How to compare the current row with next and previous row in PostgreSQL?

Renato Dinhani picture Renato Dinhani · Nov 2, 2011 · Viewed 84.9k times · Source

I want to know how to retrieve results in a SQL query doing some logic comparison with the next or previous rows. I'm using PostgreSQL.

Example
Supposing I have a table in my database with two attributes (ordered position and random numbers), I want to retrieve the odd numbers that are between even numbers. How can I do this?

The real usage
I want to find words that are between two another words which have the category NAME (and the word is not a name). The ordering is provided by sentence and position.

Edit I want to know if the Window function of PostgreSQL are best solution for this kind of problem than doing queries. I heard about them, but never used.

Answer

Renato Dinhani picture Renato Dinhani · Nov 2, 2011

This is my solution using WINDOW functions. I used the lag and lead functions.
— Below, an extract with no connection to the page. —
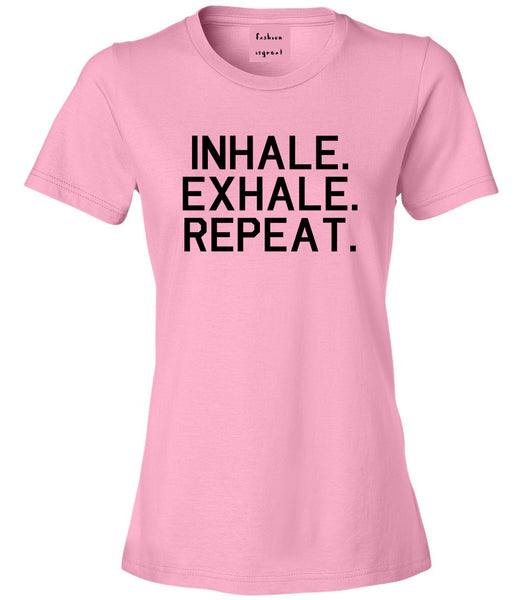 Inhale Exhale Repeat Yoga Pink Womens T-Shirt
Both returns a value from a column from a row in offset from the current row. lag goes back and lead goes next in the offset.

SELECT tokcat.text
FROM (
    SELECT text, category, chartype, lag(category,1) OVER w as previousCategory, lead(category,1) OVER w as nextCategory
    FROM token t, textBlockHasToken tb
    WHERE tb.tokenId = t.id
    WINDOW w AS (
        PARTITION BY textBlockId, sentence
        ORDER BY textBlockId, sentence, position
    )
) tokcat
WHERE 'NAME' = ANY(previousCategory)
AND 'NAME' = ANY(nextCategory)
AND 'NAME' <> ANY(category)

Simplified version:

SELECT text
FROM (
    SELECT text
          ,category 
          ,lag(category) OVER w as previous_cat
          ,lead(category) OVER w as next_cat
    FROM   token t
    JOIN   textblockhastoken tb ON tb.tokenid = t.id
    WINDOW w AS (PARTITION BY textblockid, sentence ORDER BY position)
    ) tokcat
WHERE  category <> 'NAME'
AND    previous_cat = 'NAME'
AND    next_cat = 'NAME';

Major points

  • = ANY() is not needed, the window function returns a single value
  • some redundant fields in the subquery
  • no need to order by columns, that you PARTITION BY - the ORDER BY applies within partitions
  • Don't use mixed case identifiers without quoting, it only leads to confusion. (Better yet: don't use mixed case identifiers in PostgreSQL ever)